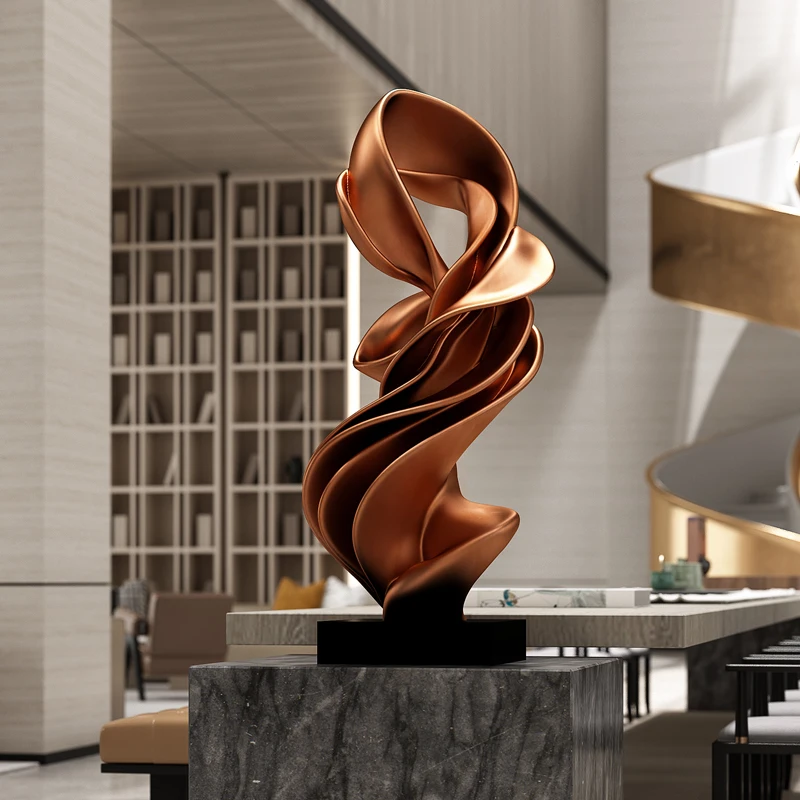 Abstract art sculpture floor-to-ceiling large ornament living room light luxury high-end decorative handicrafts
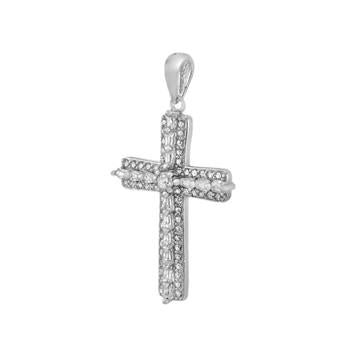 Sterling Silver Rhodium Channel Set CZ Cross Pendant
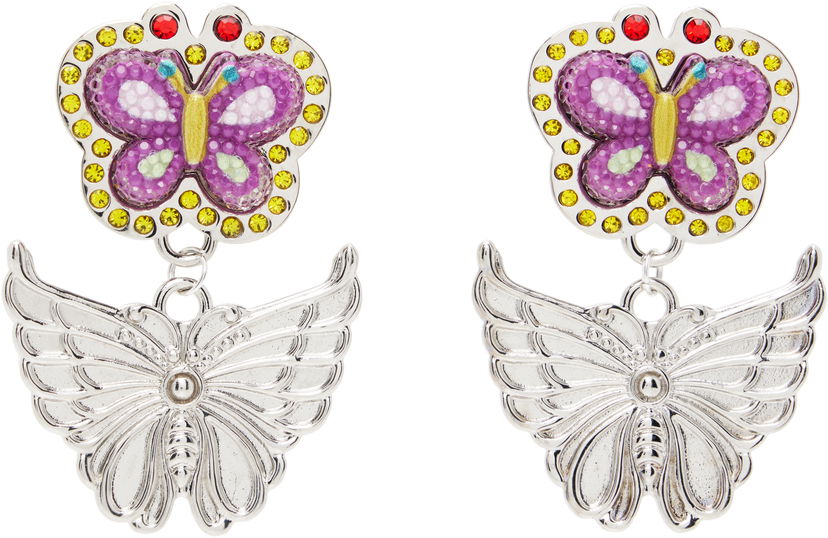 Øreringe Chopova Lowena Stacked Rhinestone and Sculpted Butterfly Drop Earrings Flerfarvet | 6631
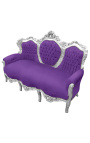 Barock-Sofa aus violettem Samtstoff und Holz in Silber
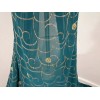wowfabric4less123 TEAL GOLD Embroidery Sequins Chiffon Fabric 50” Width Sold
----------------
▸ **Problem to work on**
Find the line containing "Sterling Silver Rhodium", then extract it and every line after it to the end of the data above, exactly and nothing else, without pictures.

▸ **Response for this exercise**
 Sterling Silver Rhodium Channel Set CZ Cross Pendant
 Øreringe Chopova Lowena Stacked Rhinestone and Sculpted Butterfly Drop Earrings Flerfarvet | 6631
 Barock-Sofa aus violettem Samtstoff und Holz in Silber
wowfabric4less123 TEAL GOLD Embroidery Sequins Chiffon Fabric 50” Width Sold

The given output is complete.